The first thing you’ll notice is that Kepler’s sample size is relatively small, even while none of these three have especially large samples. However, it appears that he has done very well in this sample size. He has not made an error in centerfield this season, giving him the highest fielding percentage of the three. However, fielding percentage is the most simplistic of these metrics, and especially so in the outfield. This is because outfielders are usually only assigned errors on balls they drop (or throw away), and range is not taken into account. Next up, Kepler’s RZR compares favorably to Buxton’s and Mercado’s. However, fielding percentage would heavily influence this in a small sample, as an error made would drop a fielder’s total plays made, thus dropping the RZR.

DRS gives us a better idea of how the three of these players compare to each other. Kepler, even in less innings, has amassed a higher DRS than Mercado, while Buxton has reached a significantly higher level.

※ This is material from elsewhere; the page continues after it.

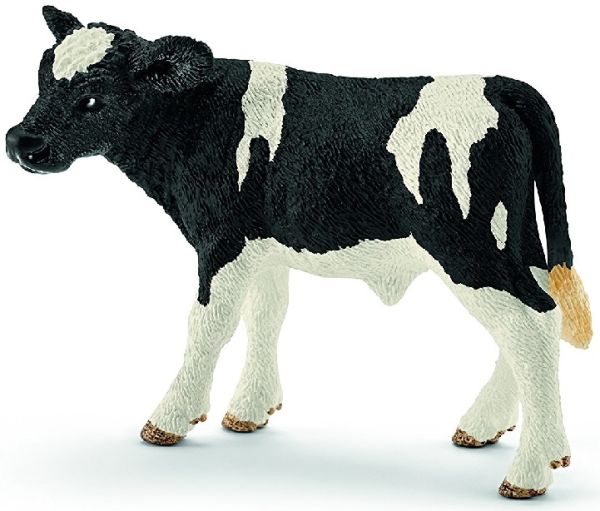 SHL13798 - vitello Holstein - 1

Buxton does have about twice as many innings played, but his DRS is more than three times higher than Kepler’s. This is what we would expect, but it is still encouraging that Kepler has been better than Mercado in this metric (even in less innings).

UZR/150 may have a sample size issue here, but we’ll go into it anyway. With these samples, we see some rather extreme differences between the players. Buxton’s 15.2 is outstanding (as expected), and Kepler’s is downright off the charts. Mercado’s negative value is probably a little on the low side, but is not too much lower than would be expected for him. We can draw from this that Kepler has been very good in the field in his time in center, but it may be rather dim to take it as proof that Kepler is superior to Buxton in centerfield.

Unfortunately, defensive statistics are still a work in progress, even as deep into the sabermetric age as we are in 2019. Furthermore, there are things that are impossible to quantify, such as the added confidence a pitcher has when a guy with the reputation of Byron Buxton is roaming the outfield behind him. However, by comparing players, we can draw some meaning from the statistics we have.

I’d say that after looking over the metrics, the eye-test assessment most have come to on Kepler in center is rather fair. He falls somewhere between above-average and great in centerfield, and has done an admirable job filling in for the Twins’ excellent normal centerfielder. When Buxton comes back, the Twins will have not one, but two bona fide centerfielders roaming the grassy expanse and chasing down flies (or squirrels).